From: Wouter Wijngaards <wouter@nlnetlabs.nl>
Date: Tue, 28 Sep 2010 09:22:22 +0000 (+0000)
Subject: unbound-anchor: no pem updates, do not download .pem file (no stable url),
X-Git-Tag: release-1.4.7rc1~71
X-Git-Url: http://git.ipfire.org/cgi-bin/gitweb.cgi?a=commitdiff_plain;h=7e315dafcfb1ce0223f0b5d9e535c450c70bca2a;p=thirdparty%2Funbound.git

unbound-anchor: no pem updates, do not download .pem file (no stable url),
and date nicer to maintain in code.


git-svn-id: file:///svn/unbound/trunk@2254 be551aaa-1e26-0410-a405-d3ace91eadb9
---

diff --git a/doc/unbound-anchor.8.in b/doc/unbound-anchor.8.in
index ada273b2e..201f4e8c1 100644
--- a/doc/unbound-anchor.8.in
+++ b/doc/unbound-anchor.8.in
@@ -71,12 +71,6 @@ The default is /root\-anchors/root\-anchors.p7s.  This file has to be a PKCS7
 signature over the xml file, using the pem file (\-c) as trust anchor, and
 with possibly intermediate certificates from the \-p file.
 .TP
-.B \-p \fIpath
-The pathname to the certificate file on the server. (forms URL with \-u).

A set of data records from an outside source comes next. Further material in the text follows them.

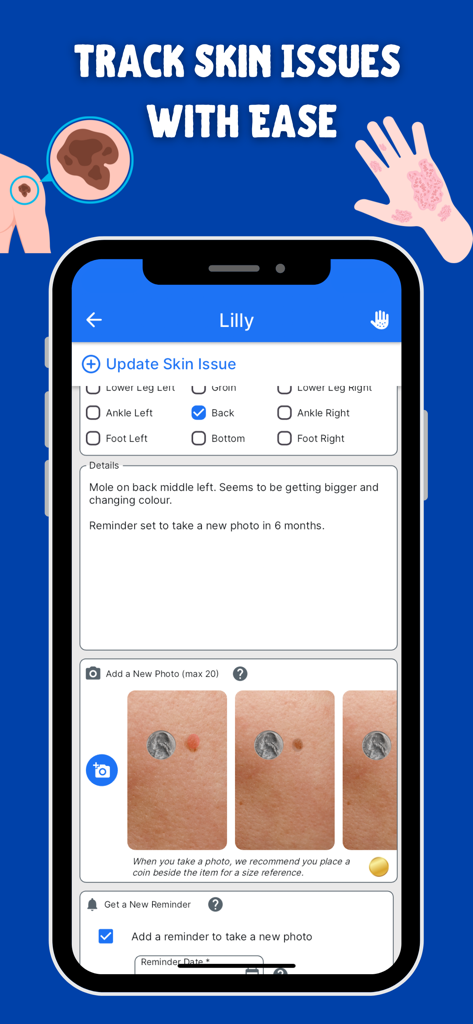 KeepTrackMed app interface for monitoring skin changes with photo logs and follow up reminders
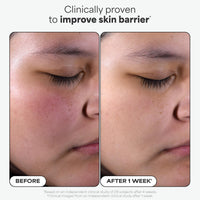 Thumbnail for Paula's Choice SKIN PERFECTING 2% BHA Liquid Salicylic Acid Exfoliant-Facial Exfoliant for Enlarged Pores, Wrinkles & Fine Lines, Suitable for Blackhead-Prone Skin, Fragrance-Free
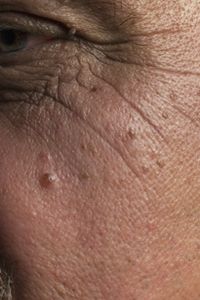 Beautiful Skin Image Gallery Moles are something you should keep an eye on. See more pictures of getting beautiful skin.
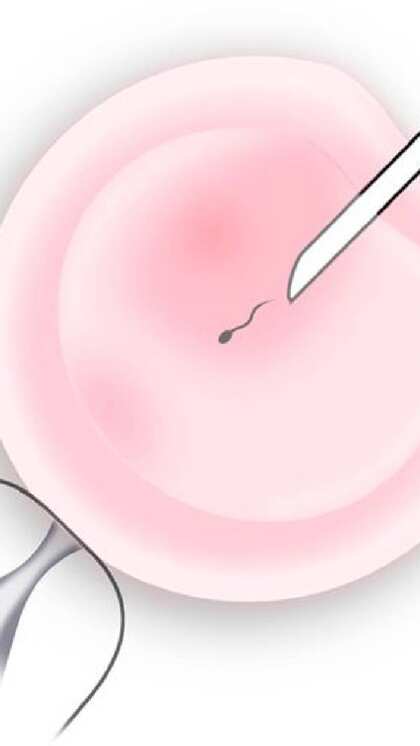 IUI ट्रीटमेंट में पतली ट्यूब से गर्भाशय में पहुंचाया जाता है स्पर्म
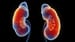Contrast-Induced Kidney Injury Risk Low in CKD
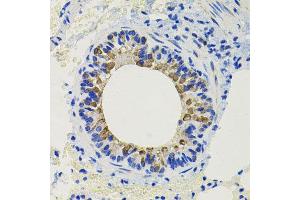 Immunohistochemistry of paraffin-embedded mouse lung using CALB2 antibody at dilution of 1:100 (x40 lens). (Calretinin 抗体)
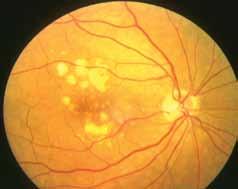 CET CONTINUING Sponsored by 1 CET POINT 52 Risk factors for AMD AMD is a complex disease caused by the combination of genetic predisposition 7,8 (involving multiple causative genes) and environmental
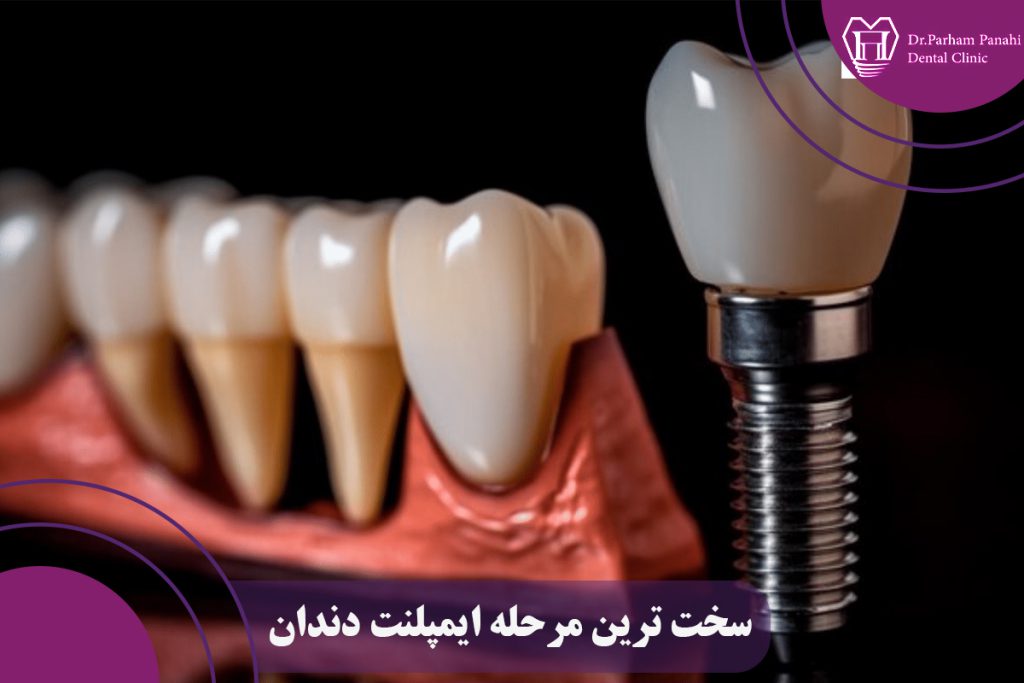 سخت ترین مرحله ایمپلنت دندان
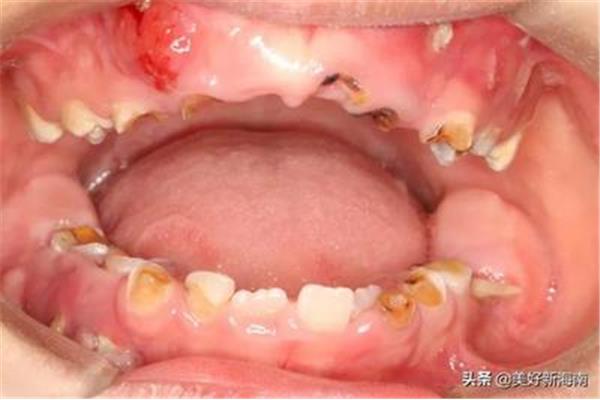 补一颗简单的牙要多久,会痛吗(为什么蛀牙会痛?)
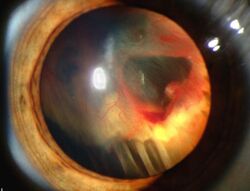 Retinal detachment in Von Hippel-Lindau disease.jpg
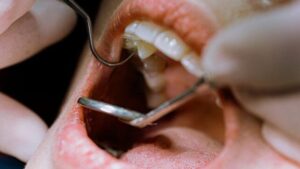 Il trattamento del canale radicolare potrebbe migliorare il controllo della glicemia, suggerisce uno studio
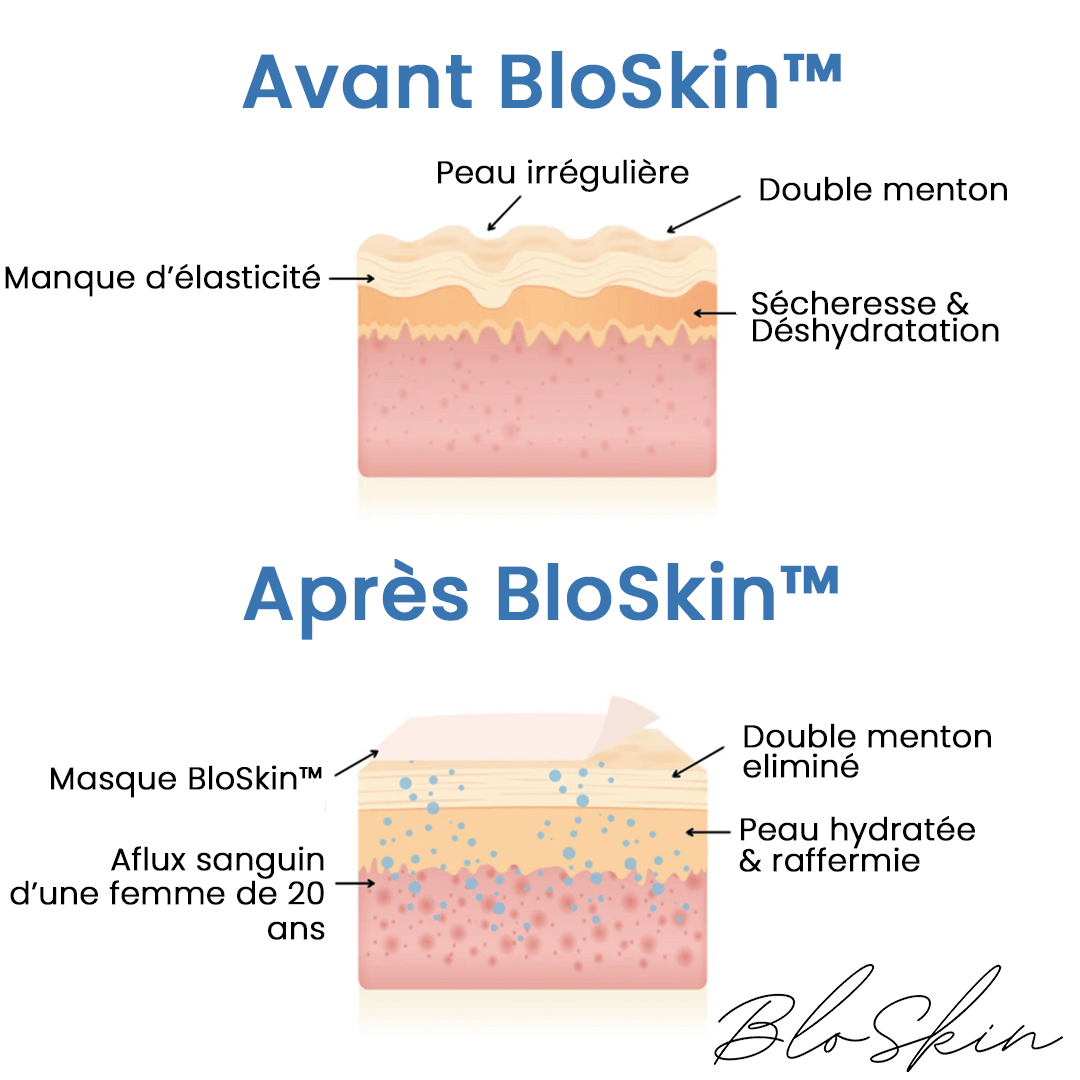 Le BloSkin™ Lift (2)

-The default is /root\-anchors/icannbundle.pem.  This file has to be a PEM
-certificate store.  It can contain intermediate certificates for verifying the
-signature.
-.TP
 .B \-4
 Use IPv4 for domain resolution and contacting the server on https.  Default is
 to use IPv4 and IPv6 where appropriate.
diff --git a/smallapp/unbound-anchor.c b/smallapp/unbound-anchor.c
index 0db79077e..81e063d40 100644
--- a/smallapp/unbound-anchor.c
+++ b/smallapp/unbound-anchor.c
@@ -73,8 +73,6 @@
 #define XMLNAME "/root-anchors/root-anchors.xml"

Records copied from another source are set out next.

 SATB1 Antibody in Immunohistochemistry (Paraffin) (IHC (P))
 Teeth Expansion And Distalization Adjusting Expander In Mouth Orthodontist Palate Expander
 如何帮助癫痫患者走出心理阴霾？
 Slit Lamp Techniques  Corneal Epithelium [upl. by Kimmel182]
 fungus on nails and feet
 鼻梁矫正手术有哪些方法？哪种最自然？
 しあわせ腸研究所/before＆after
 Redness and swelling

 /** path on HTTPS server to p7s file */
 #define P7SNAME "/root-anchors/root-anchors.p7s"
-/** path on HTTPS server to pem file */
-#define PEMNAME "/root-anchors/icannbundle.pem"
 /** port number for https access */
 #define HTTPS_PORT 443
 
@@ -114,7 +112,6 @@ usage()
 	printf("-u name		server in https url, default %s\n", URLNAME);
 	printf("-x path		pathname to xml, default %s\n", XMLNAME);
 	printf("-s path		pathname to p7s, default %s\n", P7SNAME);
-	printf("-p path		pathname to pem, default %s\n", PEMNAME);
 	printf("-4		work using IPv4 only\n");
 	printf("-6		work using IPv6 only\n");
 	printf("-f resolv.conf	use given resolv.conf to resolve -u name\n");
@@ -246,30 +243,6 @@ verb_certs(char* msg, STACK_OF(X509)* sk)
 	}
 }
 
-/** write the certificate file */
-static int
-write_cert_file(char* file, STACK_OF(X509)* sk)
-{
-	FILE* out;
-	int i, num = sk_X509_num(sk);
-	if(file == NULL || strcmp(file, "") == 0)
-		return 1;
-	out = fopen(file, "w");
-	if(!out) {
-		if(verb) printf("write %s: %s\n", file, strerror(errno));
-		return 0;
-	}
-	for(i=0; i<num; i++) {
-		if(!PEM_write_X509(out, sk_X509_value(sk, i))) {
-			if(verb) printf("could not write %s\n", file);
-			fclose(out);
-			return 0;
-		}
-	}
-	fclose(out);
-	return 1;
-}
-
 /** read certificates from a PEM bio */
 static STACK_OF(X509)*
 read_cert_bio(BIO* bio)
@@ -386,11 +359,10 @@ read_builtin_cert(void)
 
 /** read update cert file or use builtin */
 static STACK_OF(X509)*
-read_cert_or_builtin(char* file, int* write_cert)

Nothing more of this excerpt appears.